In the preceding generations men, not boys, were the celebrants. Thus ritual droops into the hands of the very young, the despised, or the very old. The strong desert it, but the weak pitifully conserve it. "In the Parish of Logierait," says Napier, "Beltane is celebrated by the shepherds and cowherds in the following manner. They assemble in the fields and dress a dinner of milk and eggs. This dish they eat with a sort of cake baked for the occasion, having small lumps or nipples raised all over its surface. These knobs are not eaten, but broken off, and given as offerings to the different supposed powers or influences that protect or destroy their flocks, to the one as a thank-offering, to the other as a peace-offering."

Pennant, in his Tour through Scotland, thus described the Bealltainn observances as they were practised at the end of last century. "The herds of every village hold their Beltane (a rural sacrifice). They cut a square trench in the ground, leaving the turf in the middle. On that they make a fire of wood, on which they dress a large caudle of eggs, oatmeal, butter, and milk, and bring besides these plenty of beer and whiskey. Each of the company must contribute something towards the feast. The rites begin by pouring a little of the caudle upon the ground, by way of a libation. Every one then takes a cake of oatmeal, on which are raised nine square knobs, each dedicated to some particular being who is supposed to preserve their herds, or to some animal the destroyer of them. Each person then turns his face to the fire, breaks off a knob, and, flinging it over his shoulder, says—'This I give to thee,' naming the being whom he thanks, 'preserver of my sheep,' etc.; or to the destroyer, 'This I give to thee (O fox or eagle), spare my lambs,' etc. When this ceremony is over they all dine on the caudle."

We thus see that Bealltainn was the survival of the sacrifice of a human being to certain animistic spirits, the preservers of the flocks and herds of the celebrants. Later, cattle must have taken the place of the human victim. Jamieson remarks, quoting O'Brien: "Ignis Bei Dei Aseatica ea lineheil, or May-day, so called from large fires which the Druids were used to light on the summits of the highest hills, into which they drove four-footed beasts, using certain ceremonies to expiate for the sins of the people. The Pagan ceremony of lighting these fires in honour of the Asiatic god Belus gave its name to the entire month of May, which to this day is called Me-na-bealtine, in the Irish, Dor Keating." He says again, speaking of these fires of Baal, that the cattle were driven through them and not sacrificed, the chief design being to avert contagious disorders from them for the year. And quoting from an ancient glossary, O'Brien says: "The Druids lighted two solemn fires every year, and drove all four-footed beasts through them, in order to preserve them from contagious distempers during the current year."

Bealltainn was perhaps an adaptation of one of the names of Bilé, a Celtic god of death and the Underworld, one of the Danann or gods imported from Gaul. Thus we may find in the festival the celebration of a propitiatory festival to the god of death and all his devastating crew, the tempest, the fox, the eagle—the pantheon of destroyers, whom it was hoped to placate and soften into protective agencies.

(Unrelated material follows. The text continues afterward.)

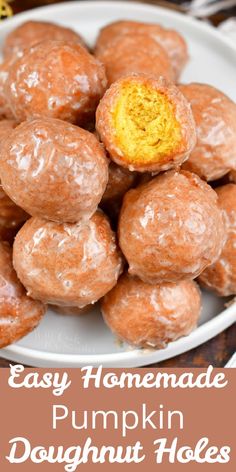 homemade pumpkin doughnut holes on a white plate with text overlay that reads easy homemade pumpkin doughnut holes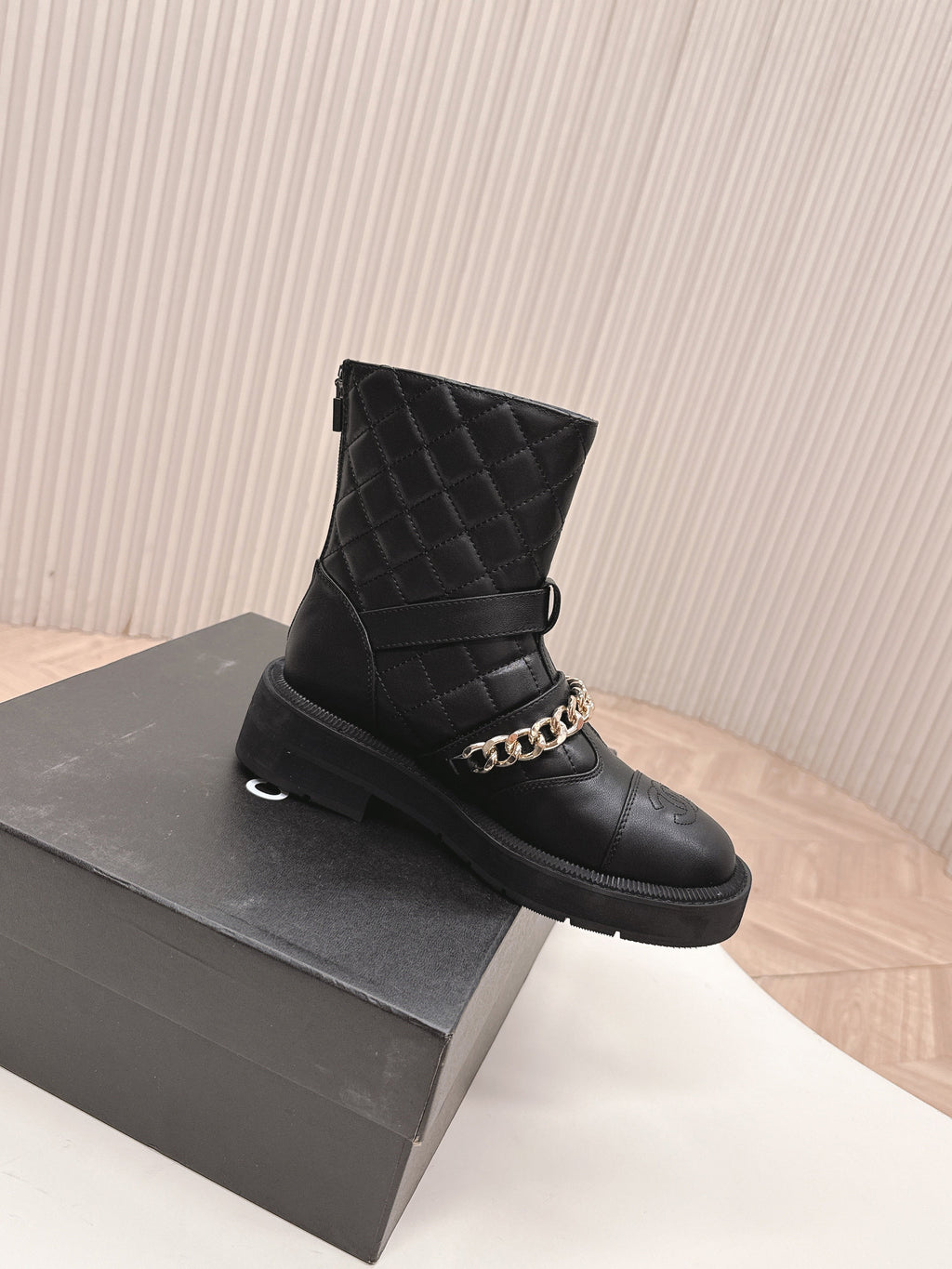 CHANEL ANKLE BOOTS 25S IN BLACK LAMBSKIN EMBOSSED LOGO WITH GOLD HARDWARE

The collection of dew is a notable circumstance in the May Day festival. It is alluded to by Ferguson, who sings in the ancient metre which Scotland took from France:

On May day in a fairy ring
We've seen them round St Anthon's spring
Frae grass the caller dew to wring
To wet their een
And water clear as crystal spring
To synd them clean.

First-of-May dew preserved the skin from wrinkles and freckles, and gave a glow of youth. Dew collected on the morning of the first day of May is supposed to confer witchcraft on the gatherer, and protect against an evil eye. To be seen in a field at daybreak that morning rendered the person seen an object of fear—perhaps as a witch or wizard.